◆ REQUIRED ACTION
Go to the line holding "F14-105451-00-10 Блок управления" in the data below and repeat it exactly, then each line after it up to and including the one holding "MOBUTOFU Elegant Evening". Omit pictures.

◆ GIVEN INFORMATION
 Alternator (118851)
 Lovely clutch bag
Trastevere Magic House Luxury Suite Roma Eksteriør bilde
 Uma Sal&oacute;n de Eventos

---

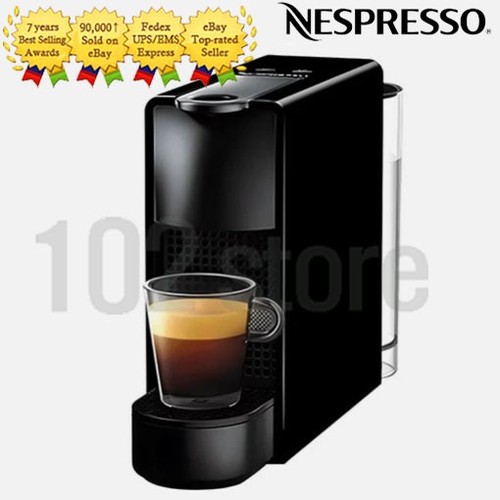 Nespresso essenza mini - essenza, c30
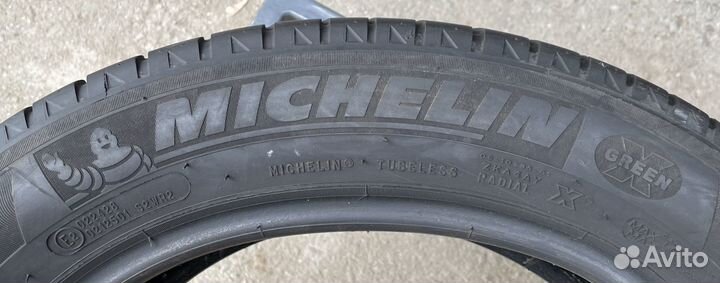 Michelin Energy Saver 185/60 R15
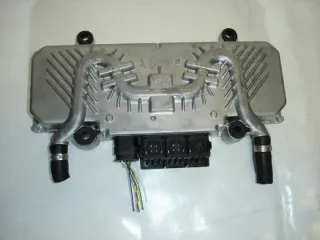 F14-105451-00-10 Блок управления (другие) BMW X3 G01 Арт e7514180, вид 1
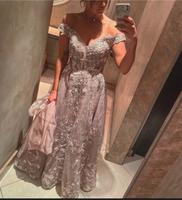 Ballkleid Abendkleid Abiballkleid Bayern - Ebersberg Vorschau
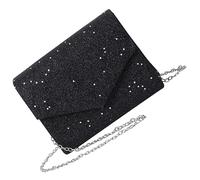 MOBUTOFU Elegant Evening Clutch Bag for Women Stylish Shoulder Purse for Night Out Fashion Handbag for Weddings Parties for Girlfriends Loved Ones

* * *

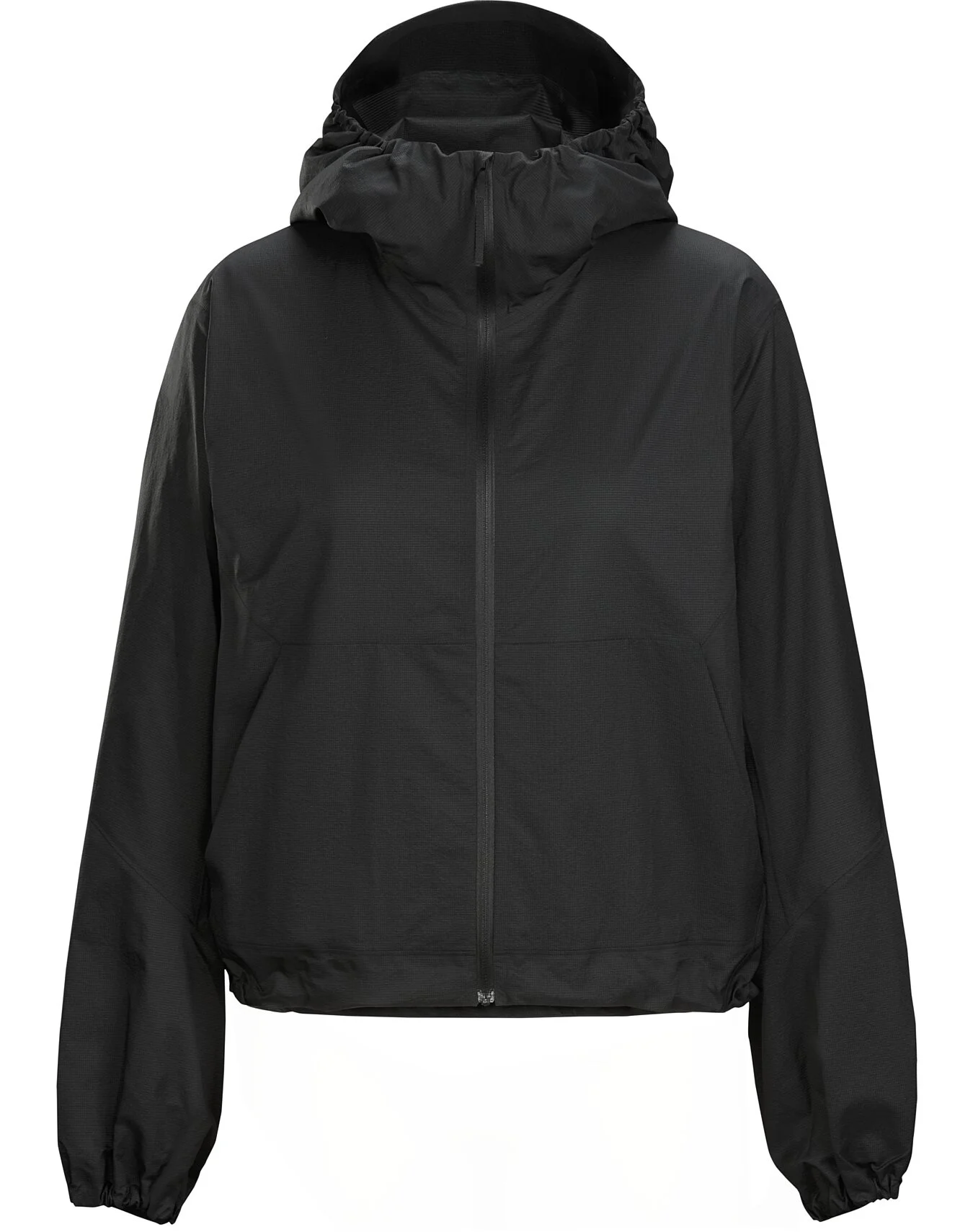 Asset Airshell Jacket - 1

◆ OUTPUT FOR THIS EXERCISE
 F14-105451-00-10 Блок управления (другие) BMW X3 G01 Арт e7514180, вид 1
 Ballkleid Abendkleid Abiballkleid Bayern - Ebersberg Vorschau
 MOBUTOFU Elegant Evening Clutch Bag for Women Stylish Shoulder Purse for Night Out Fashion Handbag for Weddings Parties for Girlfriends Loved Ones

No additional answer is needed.